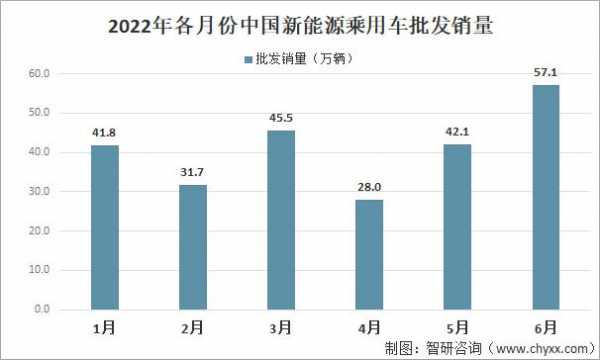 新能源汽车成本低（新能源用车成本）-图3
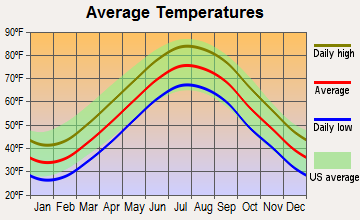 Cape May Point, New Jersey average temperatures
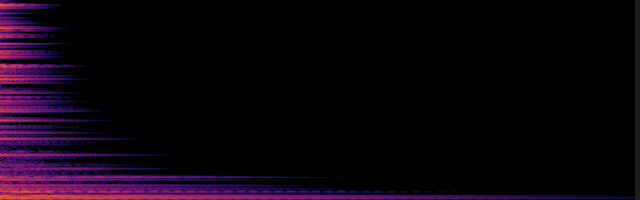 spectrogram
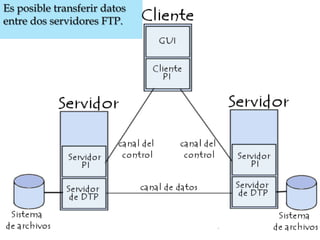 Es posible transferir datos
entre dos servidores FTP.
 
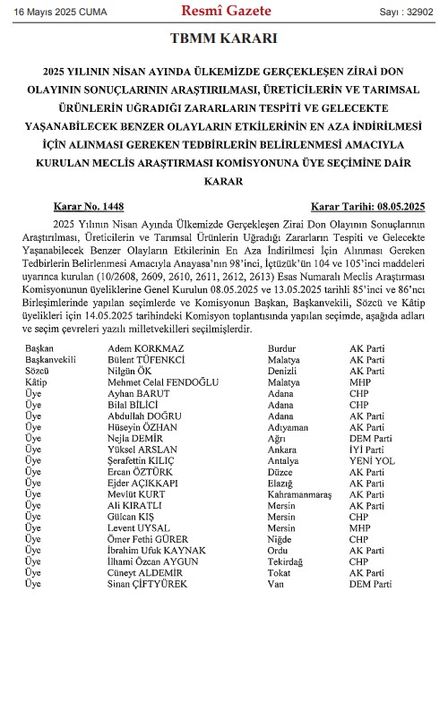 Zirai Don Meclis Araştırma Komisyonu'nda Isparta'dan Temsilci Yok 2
* * *
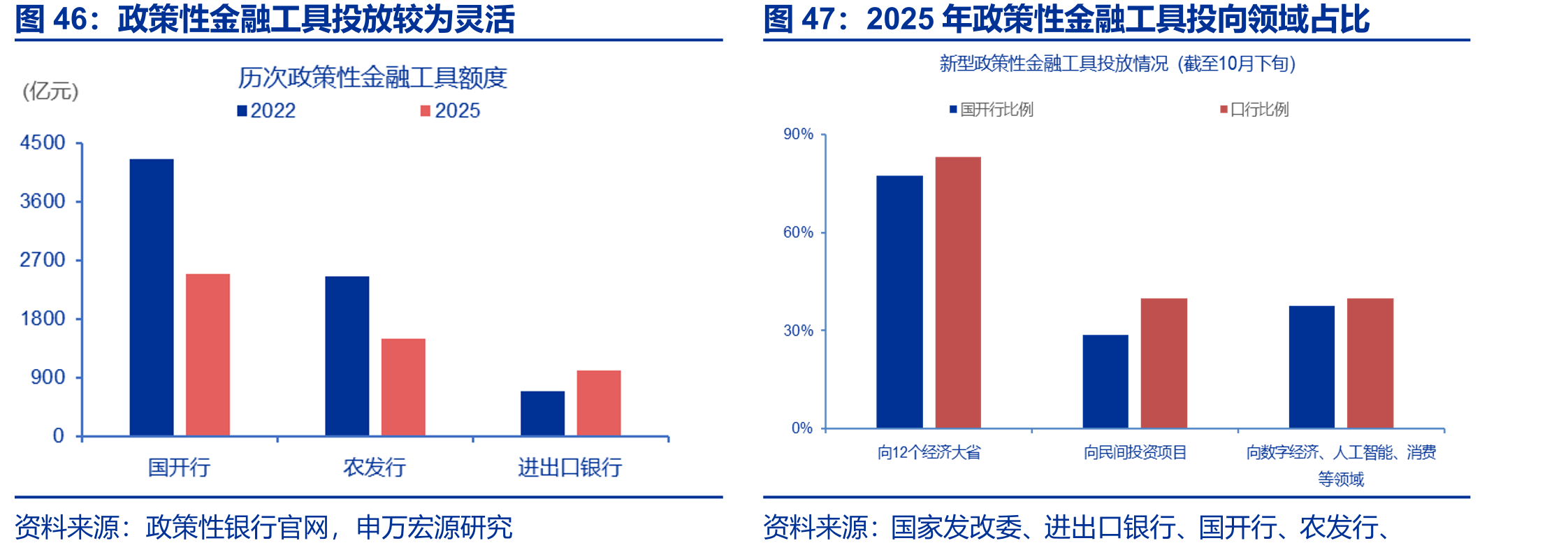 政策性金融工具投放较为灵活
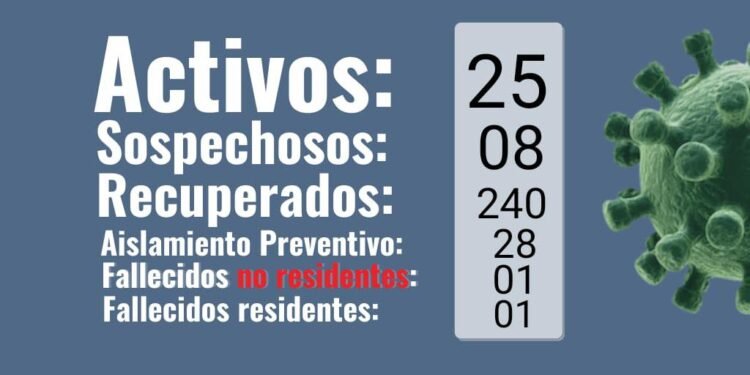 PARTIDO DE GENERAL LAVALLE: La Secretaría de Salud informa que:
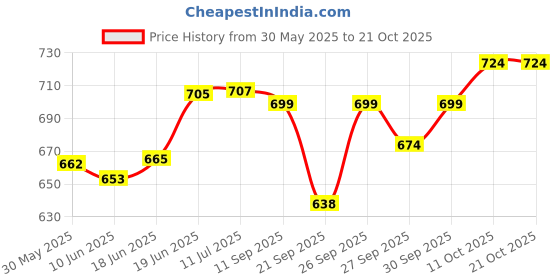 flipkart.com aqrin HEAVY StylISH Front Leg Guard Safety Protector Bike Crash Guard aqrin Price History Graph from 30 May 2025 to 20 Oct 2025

> _What to produce_: Using the records above, return word for word the lines that begin at the one containing "spectrogram" and end at the one containing "Zirai Don Meclis", both of them included and no pictures.

> _Response box_:
 spectrogram
 Es posible transferir datos
entre dos servidores FTP.
 
 Zirai Don Meclis Araştırma Komisyonu'nda Isparta'dan Temsilci Yok 2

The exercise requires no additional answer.